“I view this situation as one big lie.”

“It’s just this mythic perfect story and that just wasn’t true.” It just wasn’t true. After a decade of denials and threats to critics, Lance Armstrong has confessed, in a lengthy interview with Oprah Winfrey.
In 2000, Armstrong - off the back of Tour De France victory - penned the book, It’s Not About The Bike: My Journey Back to Life, co-authored by a US journalist.
The book said:
“I read that I flew up the mountains of France. But you don’t fly up a mountain, you struggle slowly and painfully, and maybe, just maybe, you get to the top ahead of everybody else.”

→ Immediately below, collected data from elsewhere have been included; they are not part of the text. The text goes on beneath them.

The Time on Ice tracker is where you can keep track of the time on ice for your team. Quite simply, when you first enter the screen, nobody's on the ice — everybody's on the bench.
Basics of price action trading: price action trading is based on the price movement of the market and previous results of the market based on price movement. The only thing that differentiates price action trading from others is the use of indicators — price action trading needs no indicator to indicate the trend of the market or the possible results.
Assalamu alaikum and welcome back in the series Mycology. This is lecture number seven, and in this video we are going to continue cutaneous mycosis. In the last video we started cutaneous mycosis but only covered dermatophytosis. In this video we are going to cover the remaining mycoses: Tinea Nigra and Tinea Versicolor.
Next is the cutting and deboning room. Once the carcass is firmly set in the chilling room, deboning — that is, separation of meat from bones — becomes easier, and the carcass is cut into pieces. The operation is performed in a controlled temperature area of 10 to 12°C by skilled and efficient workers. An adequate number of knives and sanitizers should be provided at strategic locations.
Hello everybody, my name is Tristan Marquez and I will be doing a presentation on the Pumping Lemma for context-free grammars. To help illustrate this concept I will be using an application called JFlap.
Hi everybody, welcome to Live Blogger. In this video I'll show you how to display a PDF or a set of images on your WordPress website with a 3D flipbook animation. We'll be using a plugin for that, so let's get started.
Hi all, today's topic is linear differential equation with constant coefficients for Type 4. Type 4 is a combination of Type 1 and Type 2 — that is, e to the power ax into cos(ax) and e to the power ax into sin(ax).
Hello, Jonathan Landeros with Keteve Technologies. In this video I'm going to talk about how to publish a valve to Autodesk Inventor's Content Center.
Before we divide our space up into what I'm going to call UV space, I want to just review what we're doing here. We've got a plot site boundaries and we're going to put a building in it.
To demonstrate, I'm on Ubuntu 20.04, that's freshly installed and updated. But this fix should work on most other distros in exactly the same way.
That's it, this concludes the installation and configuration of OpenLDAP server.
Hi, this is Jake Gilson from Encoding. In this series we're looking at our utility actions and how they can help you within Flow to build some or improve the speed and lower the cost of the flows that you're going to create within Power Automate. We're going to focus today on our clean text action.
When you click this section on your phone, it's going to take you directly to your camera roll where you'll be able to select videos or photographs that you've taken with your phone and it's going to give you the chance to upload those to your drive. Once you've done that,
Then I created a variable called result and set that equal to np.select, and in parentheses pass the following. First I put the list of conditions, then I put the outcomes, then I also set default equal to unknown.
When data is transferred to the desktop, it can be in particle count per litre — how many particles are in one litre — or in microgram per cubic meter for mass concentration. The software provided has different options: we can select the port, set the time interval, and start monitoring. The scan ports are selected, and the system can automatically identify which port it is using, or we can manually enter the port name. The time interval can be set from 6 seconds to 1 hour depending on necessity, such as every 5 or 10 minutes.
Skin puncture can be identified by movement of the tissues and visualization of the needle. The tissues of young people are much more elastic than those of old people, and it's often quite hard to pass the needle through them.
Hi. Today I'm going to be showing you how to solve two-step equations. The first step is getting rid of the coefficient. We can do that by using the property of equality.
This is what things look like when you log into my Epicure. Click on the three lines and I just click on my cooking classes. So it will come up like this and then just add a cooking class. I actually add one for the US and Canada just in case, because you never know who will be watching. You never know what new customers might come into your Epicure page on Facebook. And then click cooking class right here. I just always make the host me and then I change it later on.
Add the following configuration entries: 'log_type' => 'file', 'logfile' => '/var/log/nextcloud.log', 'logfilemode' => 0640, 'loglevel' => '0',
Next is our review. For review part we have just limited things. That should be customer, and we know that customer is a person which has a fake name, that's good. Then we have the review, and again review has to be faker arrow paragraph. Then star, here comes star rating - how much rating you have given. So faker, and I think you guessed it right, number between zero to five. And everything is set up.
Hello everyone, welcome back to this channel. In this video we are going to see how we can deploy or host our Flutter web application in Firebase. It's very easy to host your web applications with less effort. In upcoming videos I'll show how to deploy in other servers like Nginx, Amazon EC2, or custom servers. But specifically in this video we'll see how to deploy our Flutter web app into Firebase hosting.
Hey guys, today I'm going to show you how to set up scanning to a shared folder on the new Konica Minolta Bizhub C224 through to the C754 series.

Actually, you get to the top ahead of everybody else when you’ve blood doped. When you’ve taken EPO. Also cortisone, Human Growth Hormone and testosterone. He confessed to using all of these. The latter of which he said in the interview he had bizarrely attempted to justify to himself, with the excuse that having lost a testicle to cancer, “surely I’m running low”.
He was doped up in each of his seven victorious Tours. But that wasn’t his real crime.
That was the hero myth he built up around himself. With his book, with his victories, with his cancer story, even with his charity.
With his bullying. His relentless pursuit of his critics, and whistleblowers, who even came close to revealing the truth. Journalists, like The Sunday Times’ David Walsh, who have been vindicated after 13 years of doubt.
So many of us bought into the myth.
The myth that kept so many of us going back and following his progress after midnight on SBS.
The myth that got us tuning into Le Tour in the early hours of the morning to watch Lance and hear Phil Liggett’s commentary. He seemed so bloody heroic when he cut through that field in 2003 after he’d been forced off the track by a crash.
In the interview, Armstrong apologised to those he had hurt.
But why should any of us believe him now?
More on Armstrong: Cyclopath - Does Lance need help?
Even while confessing, he said he probably wouldn’t be sitting down and talking about the deception if he hadn’t tried to come back to cycling in 2009.
No one flies up mountains. It would have been better for those of us who grew up with Armstrong as a hero to have idolised somebody with the capacity to tell the truth. A real mark of a hero.